Instructions to follow: Below are some records. Write out exactly their lines from the one with "Strong Gel PNB" through the one with "Poulan Pro PB19546LT", and leave the pictures behind.

### Available records

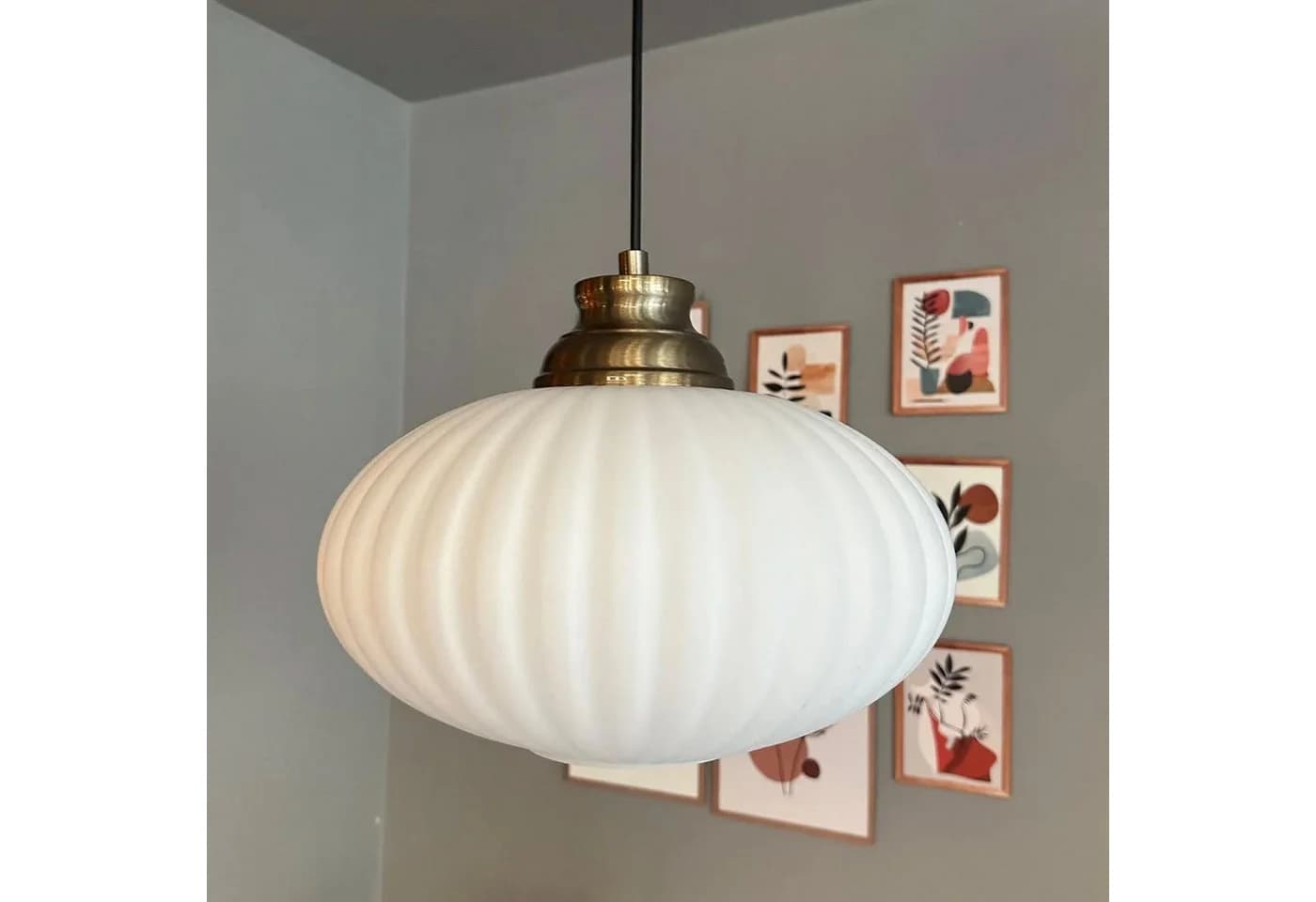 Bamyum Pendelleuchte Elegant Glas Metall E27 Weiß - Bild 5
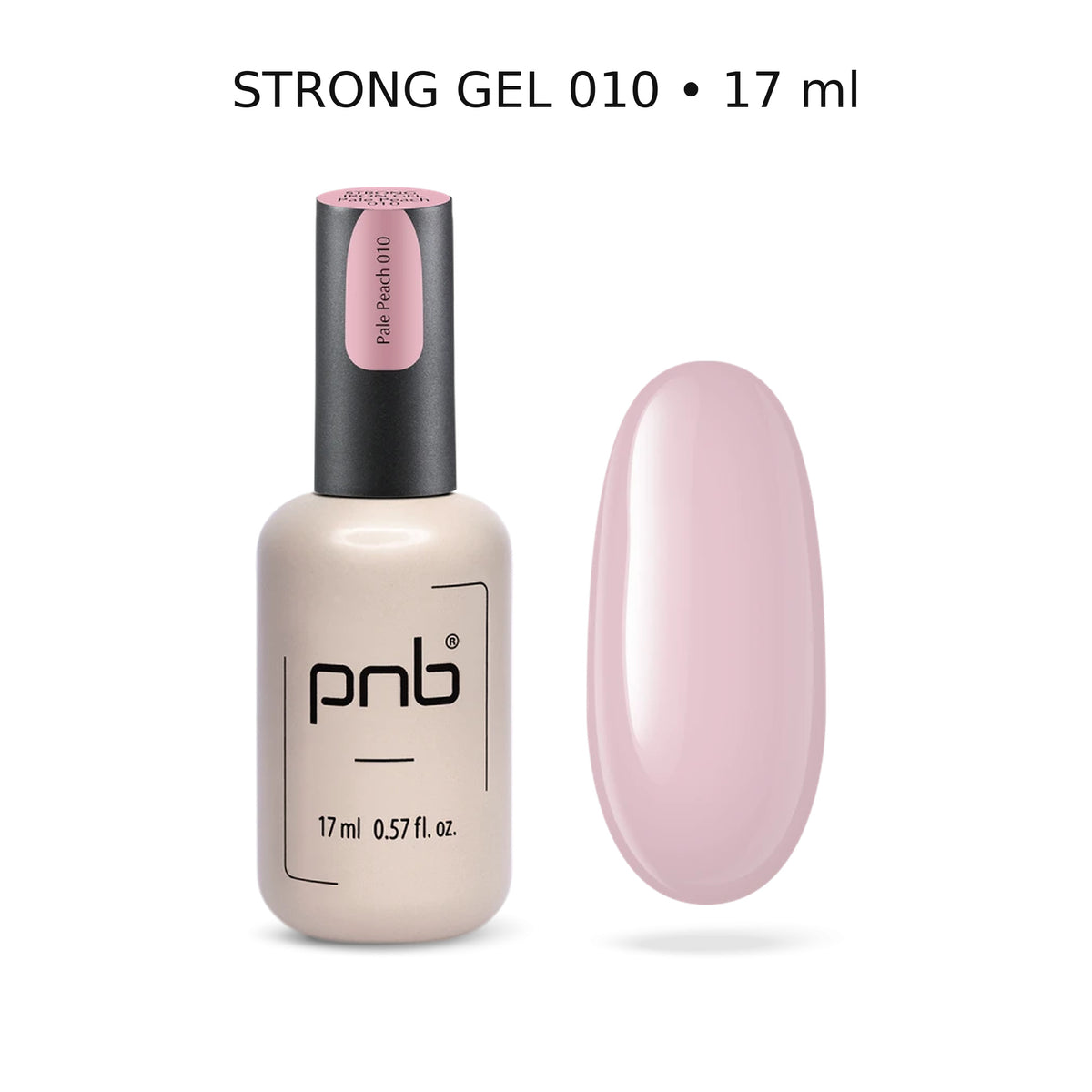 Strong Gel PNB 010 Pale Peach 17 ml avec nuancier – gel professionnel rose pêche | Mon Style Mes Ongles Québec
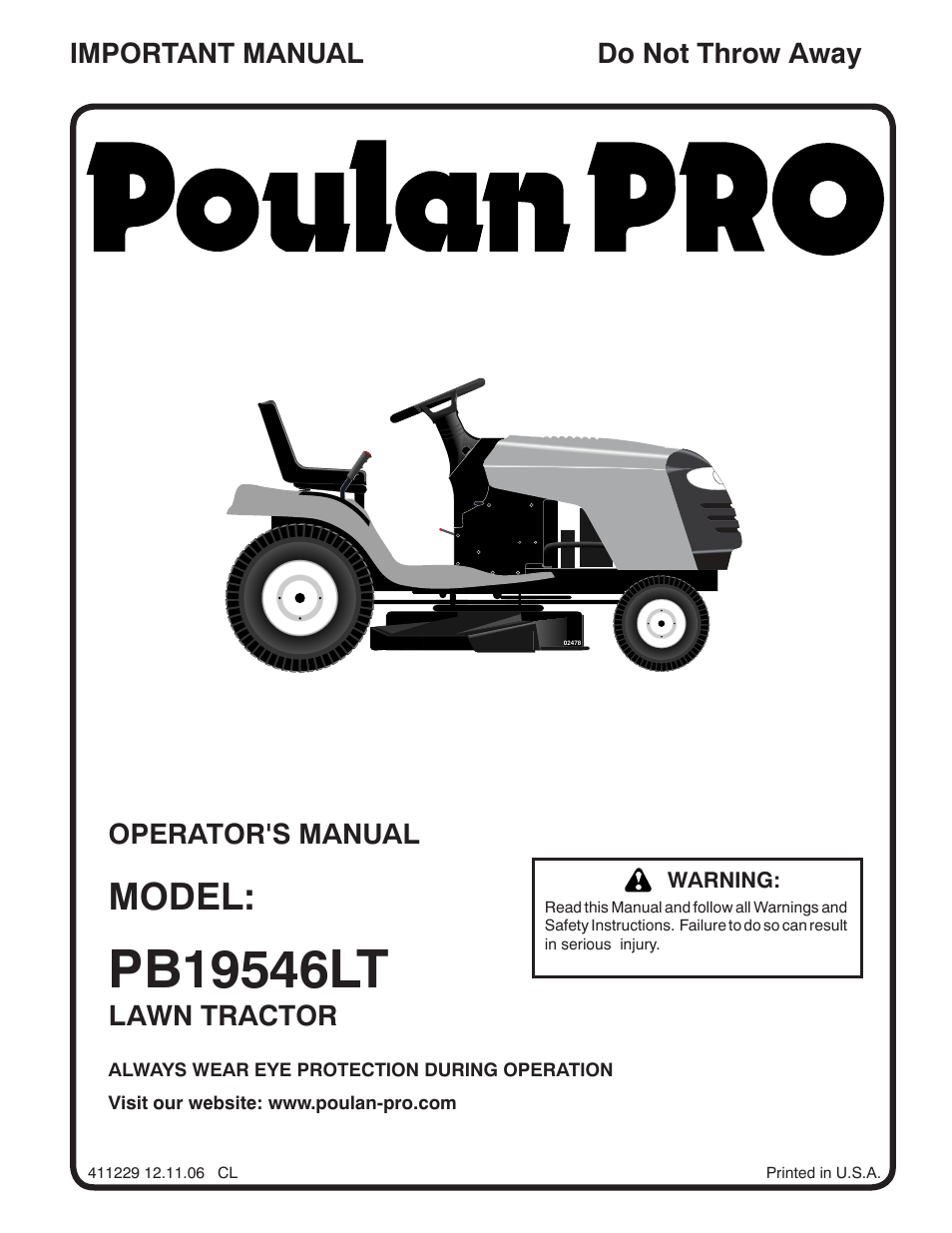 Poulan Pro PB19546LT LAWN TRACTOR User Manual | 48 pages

######
### Available records

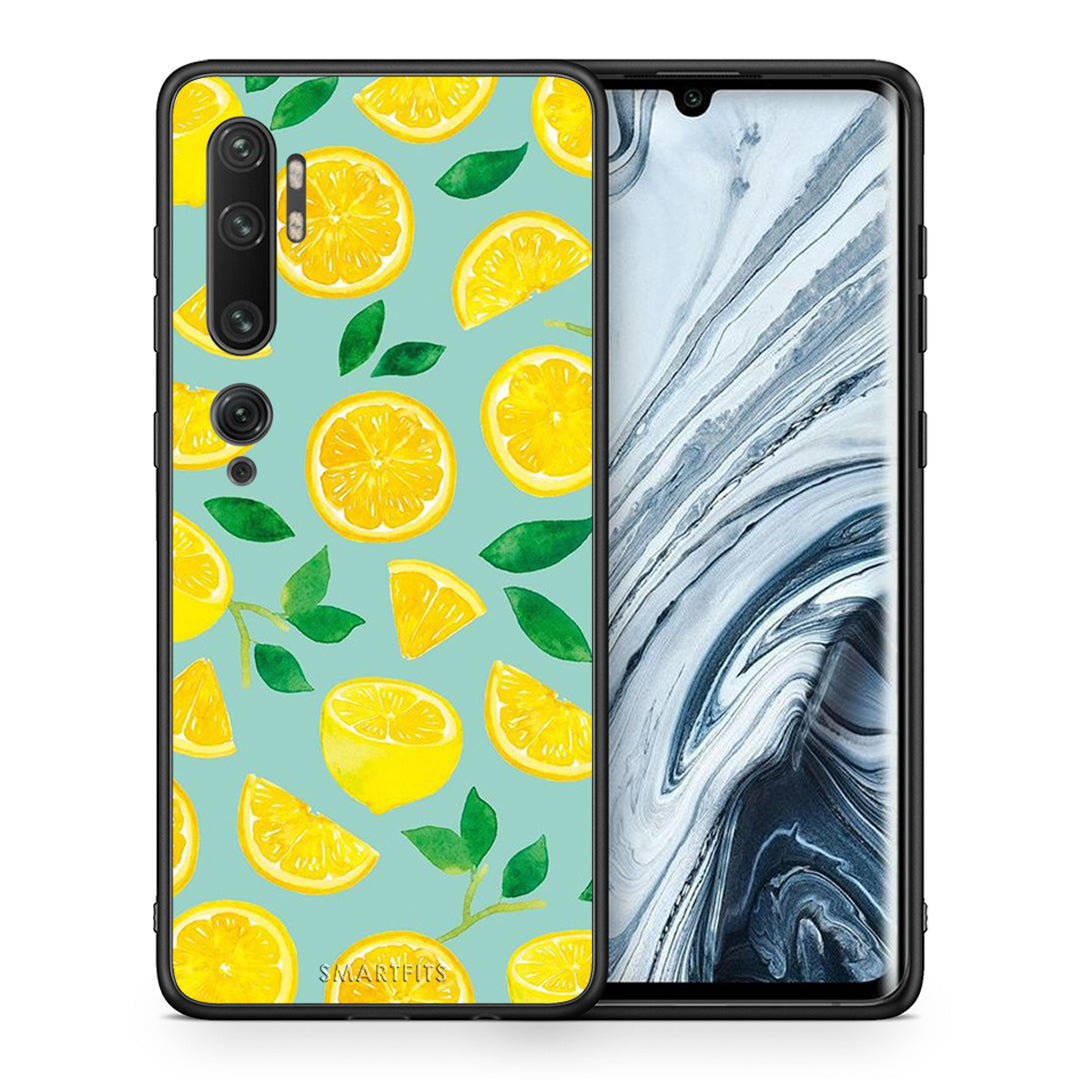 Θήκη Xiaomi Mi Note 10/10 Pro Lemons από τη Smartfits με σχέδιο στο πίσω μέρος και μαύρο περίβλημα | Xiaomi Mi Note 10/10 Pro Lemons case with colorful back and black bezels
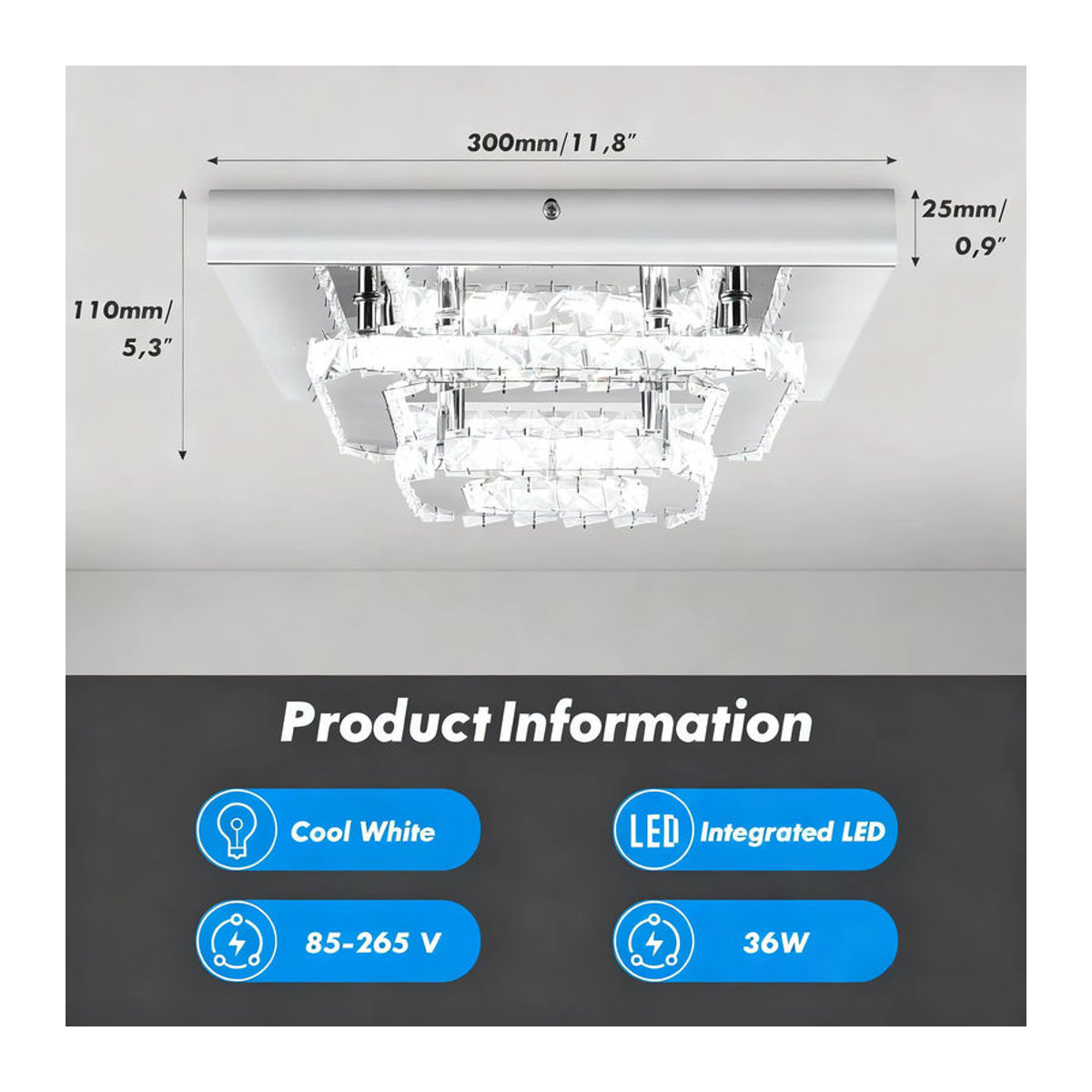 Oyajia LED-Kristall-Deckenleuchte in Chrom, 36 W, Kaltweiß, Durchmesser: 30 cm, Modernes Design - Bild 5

######

Task solution:
 Strong Gel PNB 010 Pale Peach 17 ml avec nuancier – gel professionnel rose pêche | Mon Style Mes Ongles Québec
 Poulan Pro PB19546LT LAWN TRACTOR User Manual | 48 pages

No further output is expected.